Here is an in-depth comparison of Traefik and FRP (Fast Reverse Proxy), two popular tools for reverse proxying, load balancing, and other network-related tasks. We will compare their main features, functions, and specific use in handling protocols like HTTP, HTTPS, SSH, and WebSockets.

General Comparison



  1. Dynamic Configuration: Traefik automatically and dynamically changes configurations based on the services it discovers. This is beneficial in microservices environments where services can scale up and down rapidly.
  2. HTTP and TCP Support: It supports both HTTP and TCP requests. This is advantageous because you can route both web traffic and other types of network traffic.
  3. Let’s Encrypt Integration: Traefik has built-in Let’s Encrypt support, making it easy to secure your connections with SSL.
  4. Comprehensive Support for Backends: Traefik supports various backends, including Docker, Kubernetes, Rancher, and more, allowing for broad usage across different environments.
  5. Metrics and Tracing: Traefik supports exporting metrics to popular monitoring systems like Prometheus and Datadog and distributed tracing to Zipkin, Jaeger, and others.
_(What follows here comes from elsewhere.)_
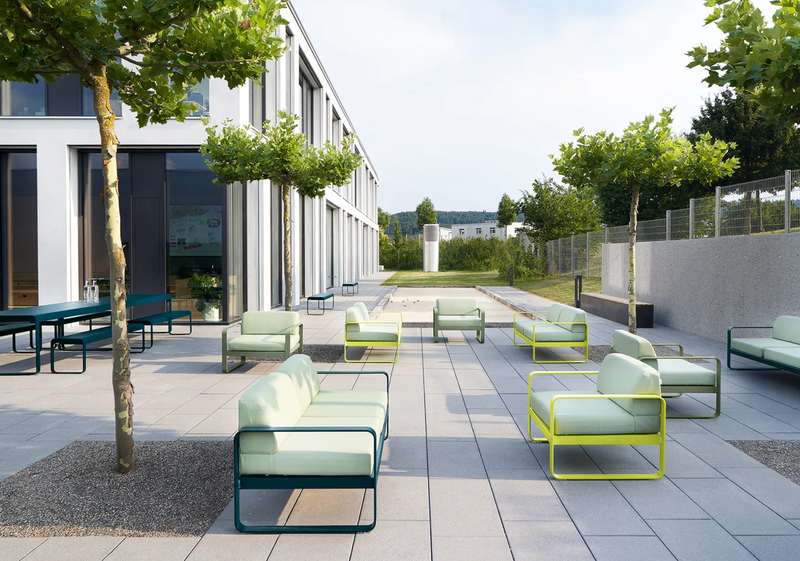 Load image into Gallery viewer, Outdoor Fermob Bellevie 2-seater sofa with colorful cushions, modern design, and wooden legs on a patio.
  1. Complex Configuration: Although it provides dynamic configuration, it cannot be easy to configure, especially for non-standard setups.
  2. Less Comprehensive Support for Non-HTTP Protocols: While Traefik supports non-HTTP protocols, its feature set is not as comprehensive.

FRP (Fast Reverse Proxy)


  1. Support for Various Protocols: FRP supports TCP, UDP, HTTP, HTTPS, and more. It provides a comprehensive feature set for these protocols, including load balancing, traffic multiplexing, and more.
  2. NAT and Firewall Traversal: FRP was designed with NAT and firewall traversal in mind, which makes it ideal for use in environments where services are located behind firewalls or NATs.
  3. Simple Configuration: FRP can be easier to configure than Traefik, especially for simple use cases.


  1. Lacks Dynamic Configuration: Unlike Traefik, FRP does not dynamically configure itself based on the services it discovers. This means that it might not be as suitable for rapidly scaling environments.
  2. No Built-In SSL Support: While it’s possible to configure FRP to use SSL, it does not have built-in support for automated SSL certificate generation as Traefik does with Let’s Encrypt.
  3. Limited Backend Support: FRP is less versatile than Traefik regarding backend support.

Reverse Proxy/Load Balancer Comparison


Traefik shines regarding HTTP/HTTPS load balancing due to its dynamic configuration, broad backend support, and built-in Let’s Encrypt SSL support. FRP can also be used for HTTP/HTTPS load balancing and even supports traffic multiplexing, but it doesn’t provide the same level of dynamic configuration and automatic SSL certificate generation.


FRP’s broad protocol support means it can handle SSH traffic effectively, including load balancing and traffic multiplexing. Traefik can route SSH traffic but doesn’t provide as comprehensive a feature set for non-HTTP protocols.


Both Traefik and FRP support WebSocket connections. Traefik’s dynamic configuration can benefit in a microservices environment where WebSocket services may scale rapidly. On the other hand, FRP could be used in environments where WebSocket services are located behind firewalls or NATs.

Use Cases

Cluster Environments

In cluster environments, such as those orchestrated by Kubernetes, Traefik is often the better choice due to its dynamic configuration, broad backend support, and built-in SSL support.


Regarding scaling, Traefik’s dynamic configuration makes it more suitable for rapidly scaling microservices environments.

Behind Firewalls/NAT

FRP is beneficial when services are located behind firewalls or NATs, as it was designed with NAT and firewall traversal in mind.

In conclusion, Traefik and FRP have their strengths and are suited to different use cases. You must consider your specific requirements and constraints to choose the most appropriate tool.